The financial challenges of the poor

In comparing and contrasting the rich and the poor, the famous exchange between F. Scott Fitzgerald and Ernest Hemingway comes to mind. “The rich are different from us,” Fitzgerald observed. “Yes,” retorted Hemingway, “they have more money.”

Actually, that never happened. The story is a Hemingway fiction, a put-down of his rival’s fascination with the rich.[8] But this apocryphal exchange does capture a real question for us: is there much difference between being rich and being poor? When it comes to solving financial problems, are rich the same as poor, except with more money?

Yes and no. Broadly, rich and poor are no different: all need to transact, invest, build assets, and sustain consumption. On the other hand, the financial circumstances of the poor are qualitatively, not just quantitatively, distinct. Their needs, especially to sustain consumption, are more acute, and the strategies they use to meet those needs are in several respects quite different.
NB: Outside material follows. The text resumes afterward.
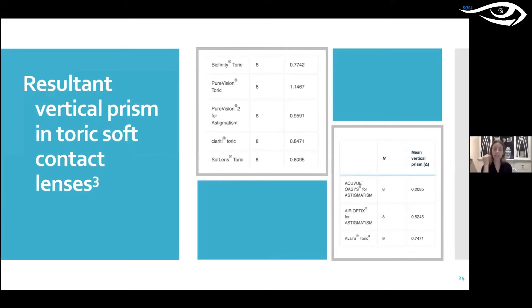You can see at the top of the chart that Biofinity Toric has 0.77 diopters of base down prism. Pure Vision has a lot — so if you really need one to two diopters of prism correction, Pure Vision will give you that for sure, without needing any custom designs. Over on the right-hand side, Acuvue Oasis for Astigmatism has almost no base down prism effect, which I found very interesting.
Poor families, for example, are more apt to dispatch members to find work. Migrating for work can increase earnings as well as smooth them through spatial diversification. Living in 1995–96 in a village in southern Bangladeshi served by the Grameen Bank, graduate student Sanae Ito discovered that the surest way for residents to get out of poverty in that village was to get out of the village. A family would save up or borrow to send a spouse or child to the capital, Dhaka, to do day labor or even get a job.[9] In Kenya, the wildly popular mobile phone–based money transfer service, M-PESA, got its start with the slogan “Send Money Home.” The target client lived in Nairobi and needed safe ways to send funds to his parents, wife, or children in the countryside.[10] Bangladeshi and Kenyan villages also export workers even farther afield. Bangladeshi men working construction and other jobs in the Middle East are sending macroeconomically significant flows of money homeward. Many Kenyans go to the U.K. Companies such as Western Union and MoneyGram help these workers remit funds across borders. In Bangladesh, BRAC Bank, a spin-off of the giant non-profit BRAC, has teamed up with Western Union to turn its branches into money transfer points. In Kenya, Safaricom, the creator of M-PESA, is working to bypass money transfer major by extending its network internationally. (See Figure 1.) Already, amazingly, M-PESA does more transactions domestically than Western Union does globally.[11]